9Par le premier traité de Paris du30 mai 1814, la France conserve donc les frontières qui étaient les siennes au 1er janvier 1792 : elle garde Avignon et le Comtat Venaissin, Montbéliard, une large partie de la Savoie et Mulhouse, mais doit restituer la rive gauche du Rhin et les territoires annexés en Italie, aux Pays-Bas et en Suisse ; aucune indemnité ne lui est imposée ; en outre, l’Angleterre est contrainte de lui rendre toutes ses colonies, à l’exception de Tobago et de Sainte-Lucie aux Antilles, de l’île de France dans l’océan Indien et de Malte.
10La modération d’Alexandre Ier à l’égard de la France s’explique, on l’a dit, par son souci de promouvoir le principe d’équilibre entre les puissances européennes, dans lequel il voit un gage de paix durable. Ce principe, loin d’être isolé, s’inscrit en réalité dans un projet européen plus large.
11Au printemps 1814, Alexandre Ier aspire à une régénération du continent européen qui se ferait non par l’usage ou la menace de la force comme dans le projet napoléonien, mais par l’instauration de principes clefs, admis de tous, dont au premier plan ceux de fraternité et d’équilibre entre États. Ce projet qui, un an plus tard, donnera naissance à la Sainte Alliance et se teintera de religiosité à l’instar d’un tsar lui-même de plus en plus gagné au mysticisme, n’est pas conjoncturel : il renoue en effet avec le projet de constitution d’une « ligue des nations européennes9 », lequel, élaboré dix ans plus tôt, a été soumis à l’automne 180410 au Premier ministre anglais Pitt.

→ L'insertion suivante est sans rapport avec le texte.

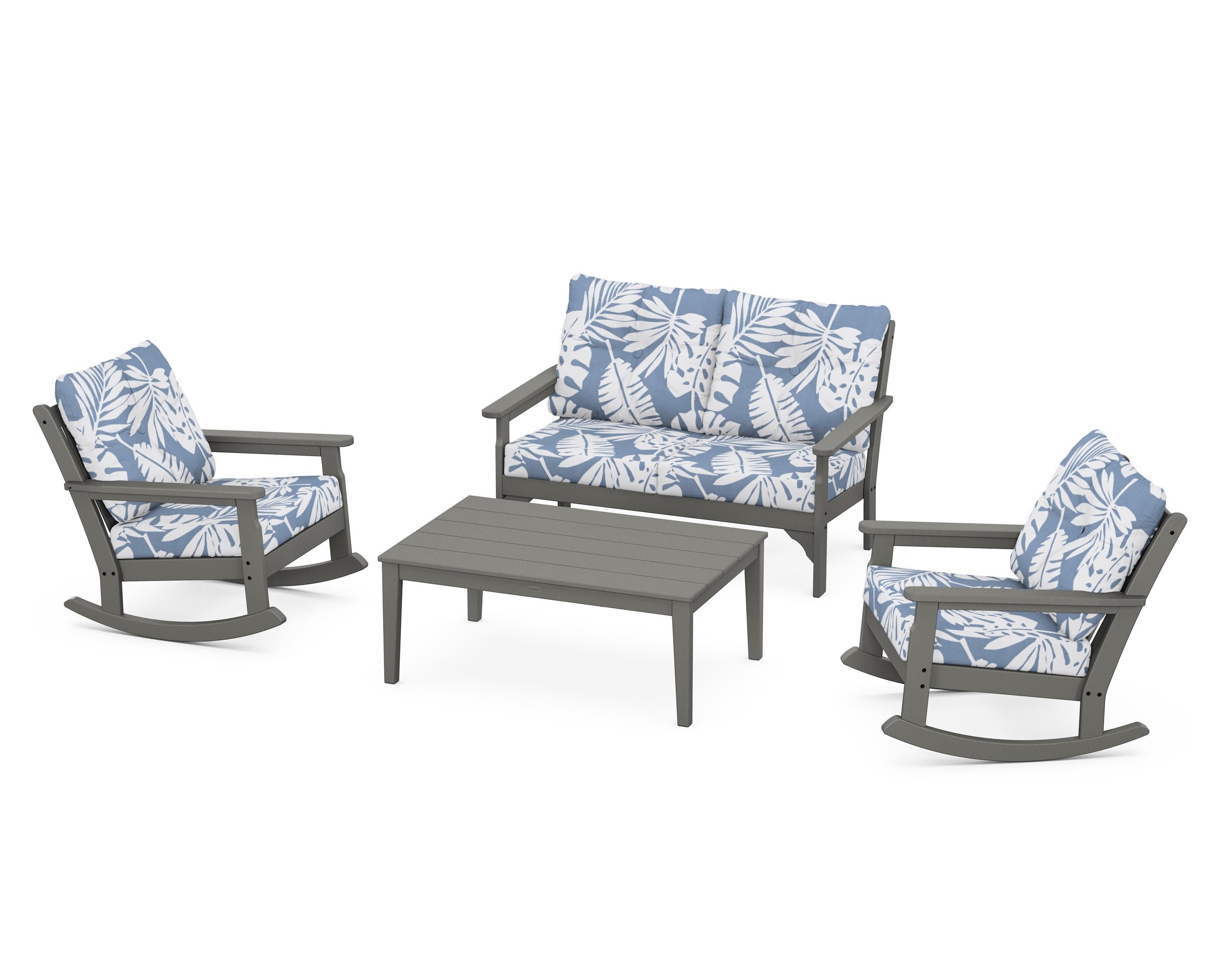 Vineyard 4-Piece Deep Seating Rocking Chair Set in Slate Grey / Leaf Sky Blue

12C’est en août-septembre 1804, alors que le tsar vient de prendre la décision d’entrer dans la troisième coalition, qu’il prend conscience, avec son conseiller Adam Czartoryski à ses côtés, que pour triompher de Napoléon, les armes ne suffiront pas et qu’il faut, pour souder le continent contre l’empereur des Français, susciter un nouveau projet politique. Pour ce faire, en septembre 1804, il remet au comte Novossiltsev, sur le point de se rendre à Londres pour y négocier secrètement un rapprochement avec le Premier ministre Pitt, des « Instructions secrètes11 » où se trouvent énoncées un certain nombre d’idées clefs.

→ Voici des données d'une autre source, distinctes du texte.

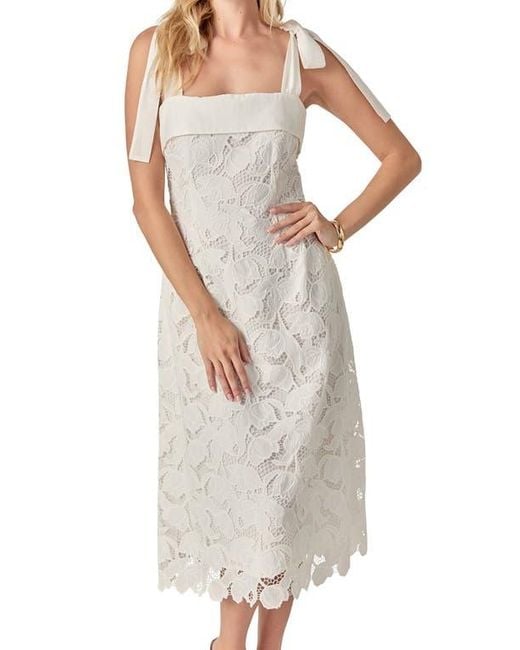 English Factory Tie Strap Lace Midi Dress in White | Lyst English Factory Tie Strap Lace Midi Dress in White | Lyst
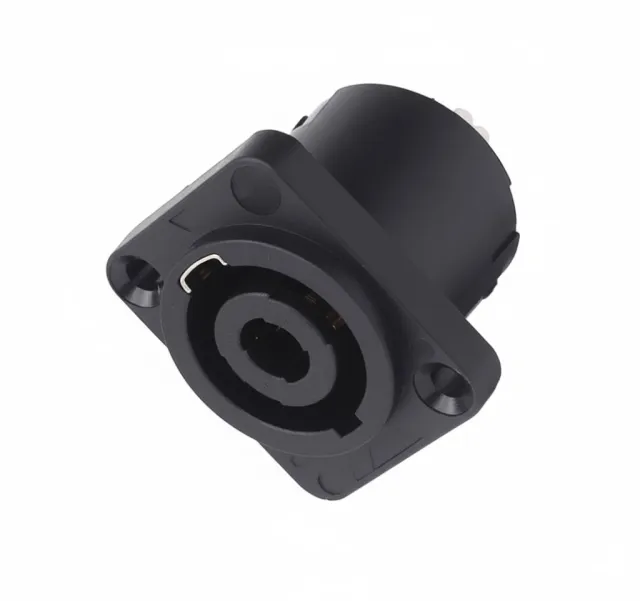 Conectores de altavoz de montaje en panel redondo de 4 polos con cierre giratorio – compatible con Neutrik Speakon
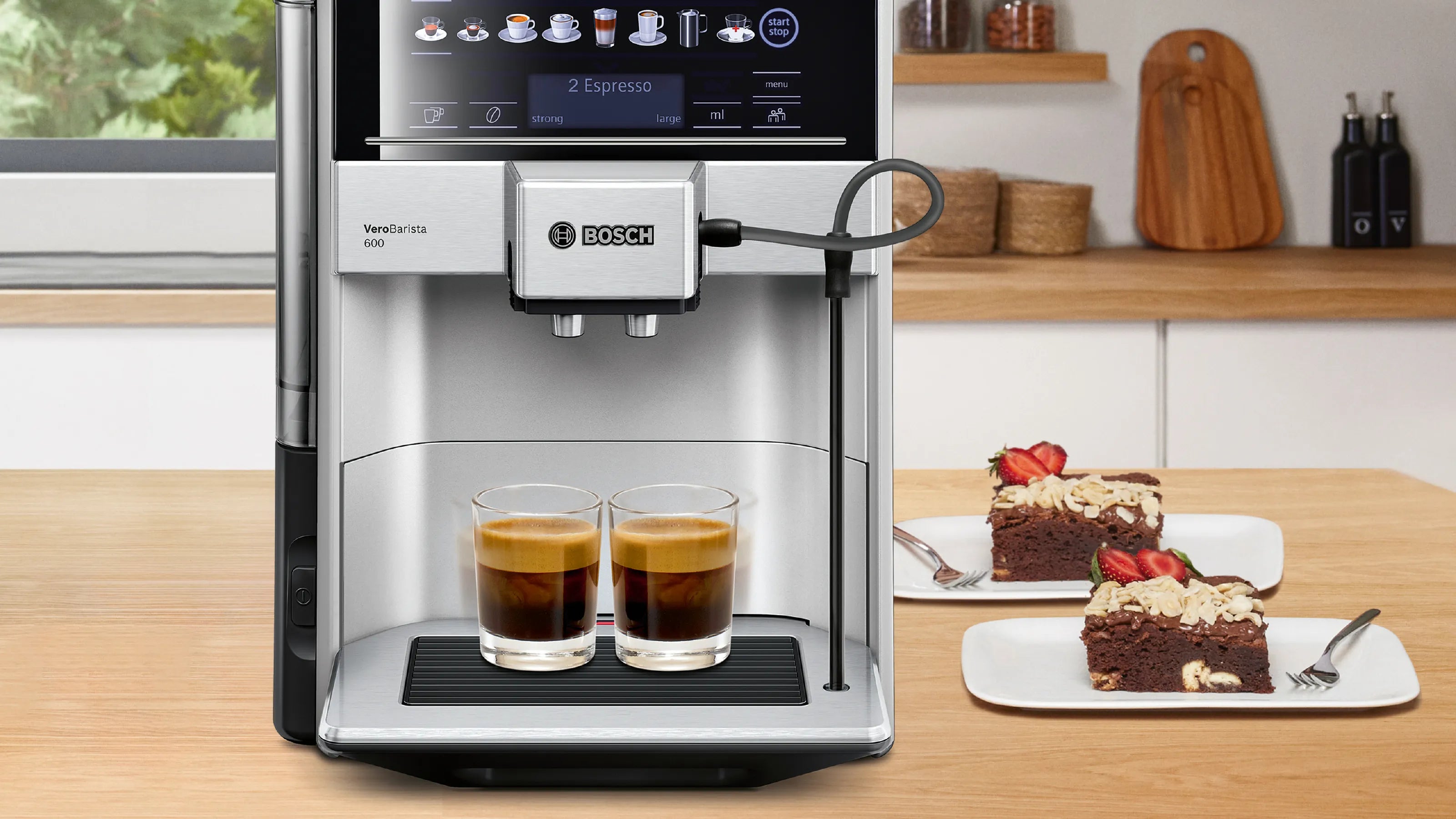 Bosch TIS65621IN Series 6 Fully automatic coffee machine Vero Barista 600 Silver, Removable water tank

13Sur le plan politique, Alexandre Ier commence par évoquer le cas des pays soumis à la tutelle française : à propos de la Sardaigne, s’il se dit favorable au rétablissement du roi sur son trône, il souhaite que d’un commun accord, la Russie et l’Angleterre engagent le roi à « donner à ses peuples une constitution libre et sage » puis, traitant de la Suisse et de la Hollande, il précise qu’il s’agira d’en garantir l’existence et l’organisation politiques, dans le respect de la volonté nationale12. Dans la suite des instructions, il élargit son propos à l’ensemble des pays européens et se lance dans un véritable plaidoyer en faveur de régimes respectueux des « droits sacrés de l’humanité » :
Ce n’est pas la place ni le moment de tracer les différentes formes de gouvernement qu’il faudra établir dans ces divers pays. Je vous laisse une entière latitude pour traiter avec le ministre anglais sur cet objet important. Les principes sans doute devront être partout les mêmes, et c’est de quoi il faudrait avant tout convenir. Partout ils doivent être fondés sur les droits sacrés de l’humanité, produire l’ordre qui en est la suite nécessaire ; partout le même esprit de sagesse et de bienveillance doit diriger les institutions. Mais l’application de mêmes principes pourra varier selon les localités, et les deux puissances, pour s’entendre à cet égard, aviseront aux moyens de se procurer sur les lieux des données justes, impartiales et détaillées, auxquelles on puisse ajouter foi13.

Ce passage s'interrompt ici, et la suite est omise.